I have a Canon 70D with a 430EXII flash.  From time to time, the flash with overpower the photo with a huge amount of light.  When I examine the picture in Adobe Elements, it reports that the flash didn’t fire which leads me to believe that the flash and camera were not properly connected.  Is this the fault of the flash or the shoe on the camera?  I don’t know anyone with a Canon like mine or I’d test my flash with theirs.

 

What is likely the problem?  How can I isolate the cause?


thanks.

 

WSC33

8 REPLIES 8


@WSC33 wrote:

I have a Canon 70D with a 430EXII flash.  From time to time, the flash with overpower the photo with a huge amount of light.  When I examine the picture in Adobe Elements, it reports that the flash didn’t fire which leads me to believe that the flash and camera were not properly connected.  Is this the fault of the flash or the shoe on the camera?  I don’t know anyone with a Canon like mine or I’d test my flash with theirs.

 

What is likely the problem?  How can I isolate the cause?


thanks.

 

WSC33


One thing that can cause that effect is the flash being set to TTL mode instead of E-TTL mode.

Bob
Philadelphia, Pennsylvania USA

Hey RTF,

 

Mine is set in ETTL.  In fact, I can't even find "TTL" mode.  ETTL seems to be the only one other than "M"anual.  Other thoughts?


Thanks.

Clean the hot-shoe contacts and make sure that the flash is fully seated and locked.

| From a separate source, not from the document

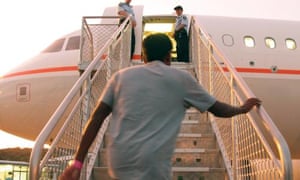 Asylum seekers leave Christmas Island for Nauru in 2012.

I will clean the hot-shoe, but I've reseated it in the past to see if I couldn't get it to perform properly w/o much success.  thanks though. 

Check that the spring loaded contacts on the bottom of the flash are moving smoothly back out after you press them in, my 580EX had one sticking due to some substance many years ago causing intermittent glitches.  Also try cleaning those with a clean cloth and isopropyl alcohol and carefully do the same for the mating camera contacts.

 

Rodger

EOS 1DX M3, 1DX M2, 1DX, 5DS R, M6 Mark II, 1D M2, EOS 650 (film), many lenses, XF400 video

I have just done as you suggested and we'll see how it works.  It's an intermittent problem.

Is it possible that there's a setting that can be made from the camer's menus to switch the flash between TTL and E-TTL modes, or would this typically only be something that can be changed from the flash only? Or is there some other settings from the camera that might make the flash act this way?


@BurnUnit wrote:

Is it possible that there's a setting that can be made from the camer's menus to switch the flash between TTL and E-TTL modes, or would this typically only be something that can be changed from the flash only? Or is there some other settings from the camera that might make the flash act this way?


Typically, a camera will function in one of those two modes, but not in the other. The flash unit has to adapt to the camera, not the other way around.